Previously published in Islamic Finance news, Volume 9 Issue 27, July 11, 2012

When it comes to liquidity Islamic finance faces the perennial problems of a lack of assets in which to invest and the absence of a secondary market for those assets. DOMINIC HARVEY and BARRY COSGRAVE explore.

Liquidity and the secondary market, or the lack thereof, in the world of Islamic finance, has been an issue of much debate for many years among industry professionals. It has arguably been the single largest factor in pushing down yields on Sukuk recently and also in slowing the long-term growth of the industry. Moves by certain central banks to create a liquidity platform, such as that of the Central Bank of Bahrain's Bai al Arboun program, have been welcome attempts to address this issue but problems persist.
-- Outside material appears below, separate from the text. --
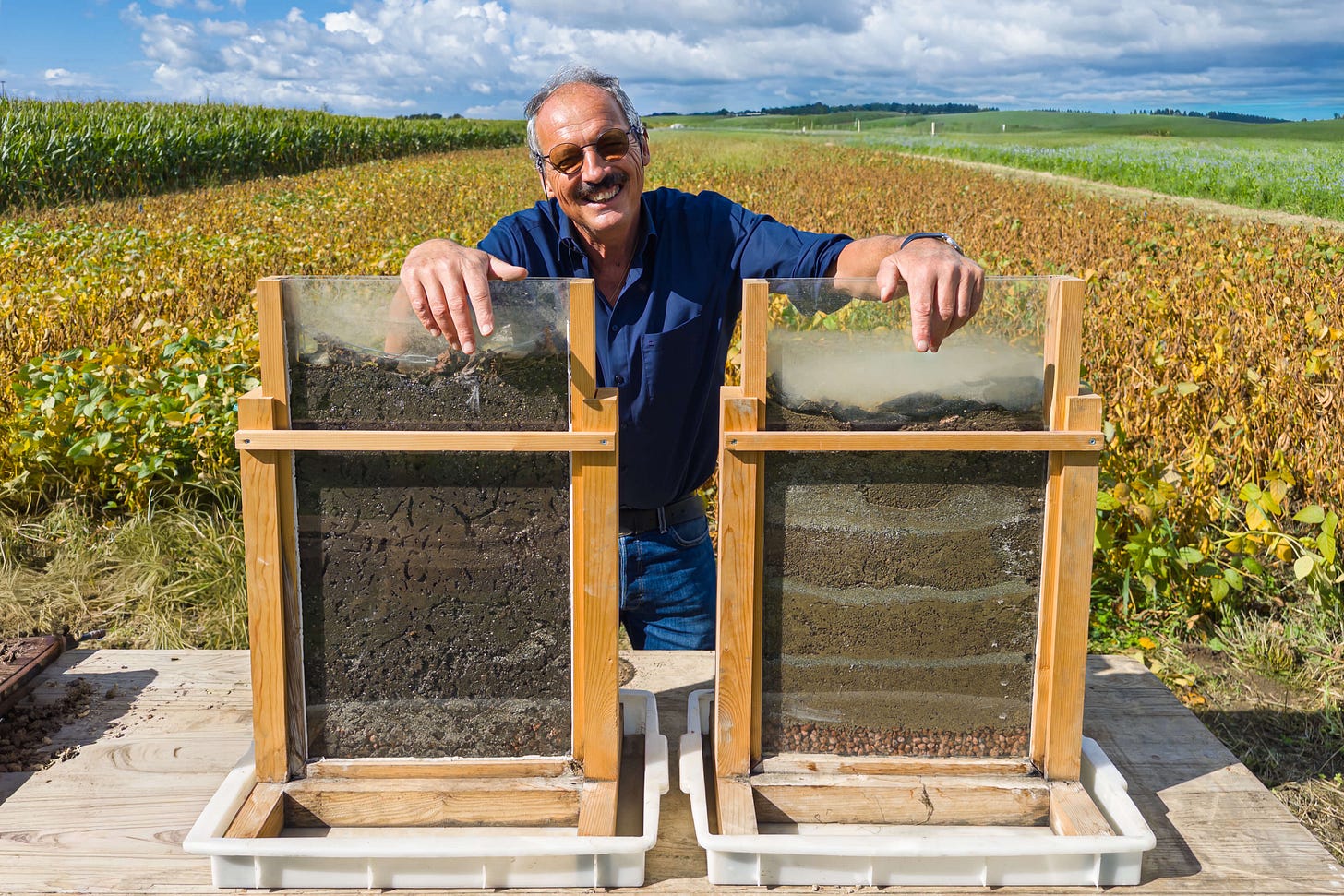 Andreas Chervet demonstriert auf dem Bodenacker bei Zollikofen einen Regenwurm-Bodentest zur Veranschaulichung der Bodenqualität. Er steht hinter zwei durchsichtigen Glasrahmen mit Bodensäulen: links ein dunkler, stark durchwurzelter und von Regenwürmern durchzogener Boden, rechts eine deutlich geschichtete, kompaktere Bodenprobe. Im Hintergrund sind Felder mit Sojabohnen und Mais zu sehen, darüber ein blauer Himmel mit Wolken.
However, there are many opportunities available to the industry as the Middle East, in particular, moves on from some of the more distressed scenarios of the past few years. With oil prices still far higher than they were even five years ago, plenty of capital remains available to be developed. The challenge for the industry will be to create products and develop markets to tap into that liquidity. The increasing rise of infrastructure projects in Islamic countries is great cause for hope.

Sukuk and the hold to maturity culture Sukuk have traditionally been the asset class of choice for Islamic asset managers seeking to deploy the capital at their disposal. However, there are simply too few Sukuk in the market and those that have been issued have traditionally seen their investor class comprised of a majority of conventional and not Islamic investors. The logical outcome of this must surely be that Islamic investors are unable to purchase enough Sukuk. With this supply/demand imbalance, Sukukholders feel unable to trade out of a position for fear of not being able to find another Sukuk in which to invest. As a result the prevailing culture amongst Sukukholders in the Middle East is to buy and hold to maturity. The problems this causes with liquidity are obvious and the sort of vibrant secondary market for Sukuk that exists for conventional bonds is sorely lacking.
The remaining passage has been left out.